Философские заметки Хемницера — интересный и показательный пример восприятия французской философии русскими просветителями.
Не являясь оригинальным философом, не будучи вообще философом par excellence, Хемницер отдал дань острому интересу русской интеллигенции к центральным философским вопросам своего времени. Его ориентация на Руссо и антипатия к Вольтеру окрашивались в тона третьесословной оппозиционности. Оппозиционность эта выступает тем более выпукло, что она проявляется во второй половине 1770 — начале 1780-х годов. Разночинец, усвоивший идеи естественного права и внесословной ценности человека, лишь недавно вернувшийся из предреволюционной Франции, Хемницер определяет своё место в идеологической борьбе эпохи, руководствуясь принципами, которые впоследствии провозгласят вожди буржуазной революции. Хемницер отнюдь не радикал; оппозиционность его воззрений скрыта за эзоповым языком басен, но в записках для себя он обнаруживает откровеннее и резкость своего антиклерикализма, и глубину своей антипатии к аристократической верхушке.
Характерно и другое. В строго ортодоксальную классицистскую эстетику, защитником которой всегда оставался Хемницер, начинает вторгаться руссоистская доктрина. Через некоторое время она послужит одним из краеугольных камней сентименталистской и романтической литературы. У Хемницера она ещё не угрожает основам эстетических представлений, ибо не накладывает отпечатка на характер изображения человека (тем более в творчестве сатирика и баснописца). Но процесс скрытой диффузии эстетических идей уже начался, и детальное исследование этого процесса, вероятно, сможет обнаружить его зарождение и первоначальное развитие.

  — «К вопросу о философских взглядах Хемницера», 1964
  •  

Фельетонист и мистификатор включает читателя в активное восприятие вещи, причём добивается не единого, а именно многообразного восприятия, сталкивает разные восприятия — и иронизирует над всеми.
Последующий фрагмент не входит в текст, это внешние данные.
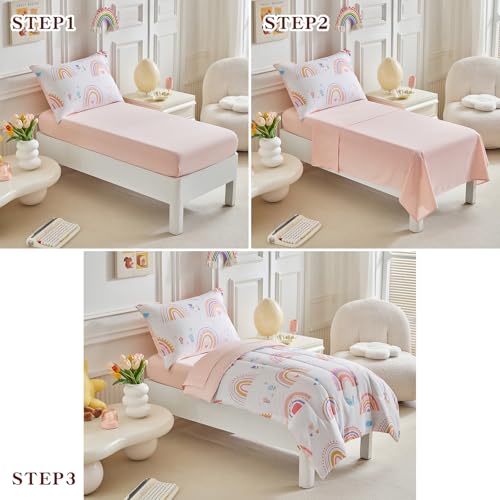 Joyreap 4 Piece Toddler Bedding Set- Pink Rainbow Lovely Design, Microfiber Toddler Bedding Comforter Set for Kids Girls Joyreap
Так он поступает и со своим собственным псевдонимом — «барон Брамбеус»: читатели могли, в зависимости от уровня культуры, видеть в нем либо «настоящего» барона, либо мистификацию, оценивать лубочность «Брамбеуса» или считать это «серьёзным» псевдонимом и т. д. Булгарин «учил публику», не дифференцируя её; Сенковский — скептик и релятивист — не рассчитывает на единое понимание, но пытается извлечь эффект из самой возможности разных пониманий.[1]

  — «От бытописания — к поэзии действительности»
  •  

Воейков был женат на любимой племяннице Жуковского А. А. Протасовой, «Светлане» его баллад. Из этого брака он извлек всё, что можно, — покровительство Жуковского, литературные связи, деньги. Он извлекал из него даже стихи. В доме Александры Андреевны был литературный салон; её «лунная красота» и неотразимое обаяние привлекали поклонников. <…>
Нет, не ревность говорила в нём — супруга не давала к ней никаких поводов. Все эти люди были нужны ему — они писали стихи и прозу, которые он, Воейков, печатал в своих «Новостях литературы» <…>. Плодами вдохновений Жуковского, И. Козлова, Языкова, одно время даже Рылеева он владел почти монопольно. Не любовных, но журнальных соперников опасался Воейков.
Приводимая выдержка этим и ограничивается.